Classification of ITS question

JedL · June 6, 2019, 6:01am

Hi,

New to QIIME2 (using 2019.4) but it's pretty easy to work your way around and learn thanks to the extensive tutorials and forum posts. I have however run into an issue that I can't quite figure out the reason for.

I initially, when classifying some ITS2 sequences, extracted all reads with my primer sequences from the UNITE (ver 8) dynamic reference sequences file and trained a classifier (feature-classifier fit-classifier-naive-bayes) with them as reference reads against the UNITE dynamic reference taxonomy and classified the sample reads (feature-classifier classify-sklearn) and got a nice barplot from it! ITS2extracted.qzv (875.1 KB)

After this though, i was reading on the forum and here, at the bottom, and saw that it's suggested that I should not extract the reads and in fact train the classifier using the whole UNITE database reference reads file provided. So I repeated the training with the full UNITE reference sequences they provide and the same taxonomy provided. I reclassified my samples using the newly trained classifier and got a much less impressive barplot... ITS2fullUNITEtrained.qzv (744.5 KB)

Can anyone explain why with more reference sequences less sample sequences are classified as anything more than unidentified at every level other than fungi? Any help would be most welcome

Nicholas_Bokulich · June 6, 2019, 1:58pm

Wow, that definitely does not look good, but it appears to be a quirk related to your data and/or reference database. Let me explain:

The k__Fungi;p__unidentified;c__unidentified;o__unidentified;f__unidentified;g__unidentified;s__unidentified classification that you are seeing is actually the annotation that is provided in your reference database. So the classifier is not failing to classify beyond kingdom level (otherwise you would see empty ranks, e.g., k__Fungi;__;__;__;__;__;__), rather you are getting great species-level classification to a sequence in the reference database that is annotated as k__Fungi;p__unidentified;c__unidentified;o__unidentified;f__unidentified;g__unidentified;s__unidentified. Does that make sense?

That recommendation is just based on our own basic benchmarks. In your case you definitely see better performance with the extracted reads (probably because extraction culls out the junky unannotated sequence that your sequences are matching to), so I recommend just sticking with that and not looking back unless if you want to do a little more experimentation.

One thing you could do is filter out the "unidentified" sequences from your UNITE database and see if that improves classification (with or without extraction).

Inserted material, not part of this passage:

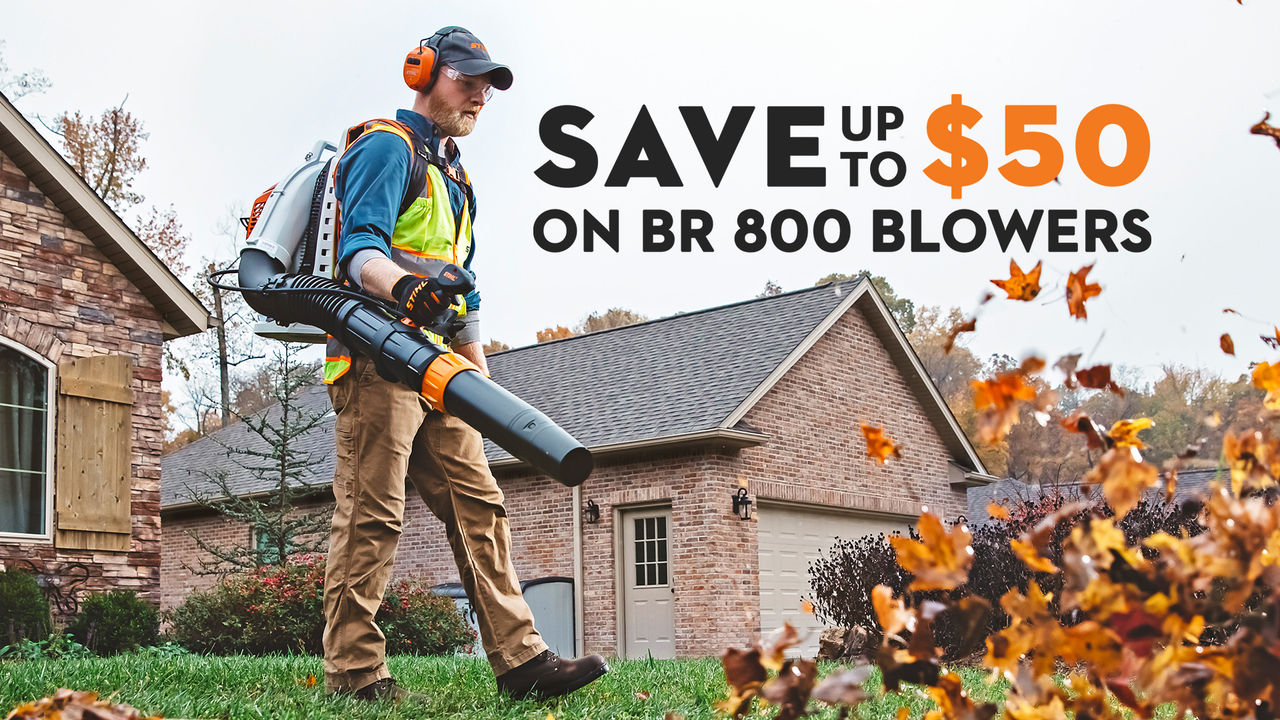 Person using a STIHL BR 800 backpack blower during fall yard cleanup with promotional messaging highlighting up to $50 in savings.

Yum, looks like you must be analyzing some grape or fruit samples

Barbs · June 6, 2019, 3:56pm

Hi,

I am joining in as I have exactly the same problem with my ITS2 sequences and UNITE sh_taxonomy_qiime_ver8_dynamic_02.02.2019_dev ref sequence file: Almost 100% of my reads get great species-level classification as:
k__Fungi;p__unidentified;c__unidentified;o__unidentified;f__unidentified;g__unidentified;s__unidentified
As suggested in other threads I did NOT extract the ref reads with my primer sequences but still I end up with this poor assignment.
Since you both suggest that extracting the ref reads before assignment might actually be helpful in some cases I will try that!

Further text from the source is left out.